The revelation means the bank now expects to make a loss of £1.2 billion for 2013. Its full accounts will be released next month.
Niall Booker, the bank’s chief executive, said the new development was a result of an ongoing review unearthing a range of issues that the new executive team, which was bought in nine months ago, is having to address. This means that the starting capital position of the banks for the 4-5 year recovery period is weaker than in the plan announced last year.
“The proposed capital raise would enable us to reset this starting point and continue with the execution of our original business plan”, Booker added.
“The objectives of this plan remain unchanged and there are some early indications of progress. We have started to simplify the business, reduce costs and de-risk assets as we drive the change needed to return to our roots as a bank focussed on our retail and [small business] customers. However, there remain significant challenges ahead.”

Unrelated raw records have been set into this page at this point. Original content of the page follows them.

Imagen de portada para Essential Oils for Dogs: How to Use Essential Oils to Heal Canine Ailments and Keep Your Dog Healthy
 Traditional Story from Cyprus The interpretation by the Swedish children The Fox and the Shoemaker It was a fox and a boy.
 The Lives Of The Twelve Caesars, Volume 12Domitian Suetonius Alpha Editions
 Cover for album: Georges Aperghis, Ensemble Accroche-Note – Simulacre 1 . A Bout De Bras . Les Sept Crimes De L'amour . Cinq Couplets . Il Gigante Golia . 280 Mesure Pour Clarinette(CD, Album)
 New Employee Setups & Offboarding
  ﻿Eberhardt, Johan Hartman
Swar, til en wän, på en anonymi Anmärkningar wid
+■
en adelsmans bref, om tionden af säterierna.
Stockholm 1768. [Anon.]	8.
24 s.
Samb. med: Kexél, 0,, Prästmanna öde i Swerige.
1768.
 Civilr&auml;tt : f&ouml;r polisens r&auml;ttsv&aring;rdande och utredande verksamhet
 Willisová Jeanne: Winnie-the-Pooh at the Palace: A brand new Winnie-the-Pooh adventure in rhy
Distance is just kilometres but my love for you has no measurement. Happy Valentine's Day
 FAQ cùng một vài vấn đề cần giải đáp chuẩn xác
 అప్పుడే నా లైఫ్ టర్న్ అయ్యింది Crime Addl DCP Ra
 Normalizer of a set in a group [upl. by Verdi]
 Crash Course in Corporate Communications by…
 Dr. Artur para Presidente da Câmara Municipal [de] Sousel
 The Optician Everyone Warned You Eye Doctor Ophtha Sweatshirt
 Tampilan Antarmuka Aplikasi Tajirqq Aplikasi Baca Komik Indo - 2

Last year, private investors, including hedge funds, took a 70% share in the bank after it was left with a £1.5 billion capital shortfall. It was announced at the beginning of 2014 that the Co-op Bank would face two separate investigations into its near collapse.
Allegations that the bank’s former chairman Paul Flowers was connected with a drug supply investigation has further damaged the Co-op’s reputation.
The latest news will deal another blow to the bank’s ethical credentials, which have already been called into question. Peter Marks, a former CEO of the bank, has previously said the involvement of hedge funds means that the institution can no longer be “truly ethical”. However, the bank has argued that ethics are still in its constitution.
Charlotte Webster, campaign director at Move Your Money, commented, “The Co-operative Bank has suffered from serious mismanagement over the past few years, sadly, like many of Britain’s big banks, a result of putting short-term profit over long-term stability and good service.
“This has come back to bite them. But there is a huge demand for good banking here in the UK and now that people are aware of other options, millions across the UK are now switching to banks more reflective of their own values.”